Chaque enfant réagit différemment face au deuil. J’ai essayé d’être transparente avec eux, sans leur imposer trop de choses. Ils ont participé à la cérémonie et allumé une bougie pour leur papa, mais je ne voulais pas qu’ils soient confrontés à son corps. Pour leur expliquer la mort, j’ai utilisé des métaphores adaptées à leur âge, comme l’image d’une feuille d’automne qui se transforme en poussière.

J’ai aussi tout fait pour qu’ils continuent à vivre des moments de joie. Malgré la douleur, on a maintenu des rituels et des activités qu’on avait prévus. Il fallait préserver une certaine stabilité pour eux. Dès le premier jour, les enfants ont été mon moteur, ils m’ont impressionnée par leur résilience et leur capacité à vivre au jour le jour .

Comment as-tu réussi à te reconstruire après ce drame ?
Le premier réflexe a été de quitter notre appartement. Trop de souvenirs, trop de douleur. On est allés vivre chez ma maman quelques jours, le temps de souffler. Je m’y sentais protégée comme dans une bulle. J’ai reçu un soutien immense, de ma famille, spécialement ma maman et ma sœur que je remercie infiniment, de mes amis, mais aussi de mes voisins. Ils m’ont aidée dans les démarches, ont gardé les enfants, m’ont apporté des repas. Cette solidarité a été essentielle.

Petit à petit, j’ai appris à prendre du temps pour moi. J’ai trouvé du réconfort dans la nature, lors de balades en forêt, et dans des moments de bien-être comme les massages. Parfois, il faut juste s’accorder le droit de respirer.
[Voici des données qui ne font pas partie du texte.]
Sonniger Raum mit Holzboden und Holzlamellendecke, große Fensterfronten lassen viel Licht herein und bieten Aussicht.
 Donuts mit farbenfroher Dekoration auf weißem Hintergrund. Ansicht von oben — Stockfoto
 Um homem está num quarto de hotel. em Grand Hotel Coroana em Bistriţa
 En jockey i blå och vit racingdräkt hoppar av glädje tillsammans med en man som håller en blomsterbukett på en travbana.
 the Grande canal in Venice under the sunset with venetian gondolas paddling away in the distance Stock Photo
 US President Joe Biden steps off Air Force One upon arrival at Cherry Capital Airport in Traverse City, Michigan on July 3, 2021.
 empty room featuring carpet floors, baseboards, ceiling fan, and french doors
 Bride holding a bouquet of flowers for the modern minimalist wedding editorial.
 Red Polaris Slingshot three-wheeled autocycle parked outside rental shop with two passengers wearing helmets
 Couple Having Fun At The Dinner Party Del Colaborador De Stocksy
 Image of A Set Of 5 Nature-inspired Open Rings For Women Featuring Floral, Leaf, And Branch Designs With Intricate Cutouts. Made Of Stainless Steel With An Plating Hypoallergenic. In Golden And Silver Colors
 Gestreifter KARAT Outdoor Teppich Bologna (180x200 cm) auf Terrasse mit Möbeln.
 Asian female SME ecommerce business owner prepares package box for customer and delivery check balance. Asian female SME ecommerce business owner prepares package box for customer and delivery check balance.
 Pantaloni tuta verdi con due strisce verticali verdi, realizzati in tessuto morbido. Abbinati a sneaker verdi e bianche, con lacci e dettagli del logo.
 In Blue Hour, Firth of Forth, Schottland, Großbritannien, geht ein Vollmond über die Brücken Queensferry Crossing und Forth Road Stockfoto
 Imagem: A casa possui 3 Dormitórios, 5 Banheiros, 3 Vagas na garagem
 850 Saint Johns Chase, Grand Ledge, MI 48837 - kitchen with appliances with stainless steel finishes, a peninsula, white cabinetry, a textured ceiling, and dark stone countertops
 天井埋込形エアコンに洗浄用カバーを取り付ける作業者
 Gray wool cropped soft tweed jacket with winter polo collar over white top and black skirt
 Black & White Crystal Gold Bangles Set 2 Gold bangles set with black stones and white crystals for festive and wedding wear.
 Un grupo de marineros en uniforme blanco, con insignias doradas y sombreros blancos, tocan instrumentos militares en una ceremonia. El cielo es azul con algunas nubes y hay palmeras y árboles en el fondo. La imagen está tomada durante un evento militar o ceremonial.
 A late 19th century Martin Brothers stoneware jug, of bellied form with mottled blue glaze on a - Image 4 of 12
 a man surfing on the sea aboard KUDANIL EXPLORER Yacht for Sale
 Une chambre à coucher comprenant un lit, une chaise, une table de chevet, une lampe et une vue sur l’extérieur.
Qu’est-ce que cette épreuve t’a appris sur toi-même ?
Je ne me serais jamais crue capable de survivre à une telle douleur, et pourtant… Aujourd’hui, je vis différemment. Je ne projette plus trop loin, je savoure chaque petit bonheur du quotidien. Un coucher de soleil, un éclat de rire… La vie est précieuse, même quand elle nous blesse. J’ai aussi découvert une force intérieure insoupçonnée.

On parle souvent de résilience, mais je crois que tant qu’on n’a pas vécu une épreuve de cette ampleur, on ne sait pas à quel point on peut être fort.

Quel message voudrais-tu transmettre aux mamans qui traversent un deuil ?
Vous n’êtes pas seules. Même si la douleur semble insurmontable, on finit par retrouver un chemin. Faites-vous confiance, écoutez votre intuition. Entourez-vous de personnes bienveillantes, osez demander de l’aide. Et surtout, ne laissez pas la douleur vous priver de la lumière qui existe encore autour de vous.

On ne guérit jamais vraiment d’un tel drame, mais on apprend à vivre avec. Et un jour, on se surprend à sourire à nouveau.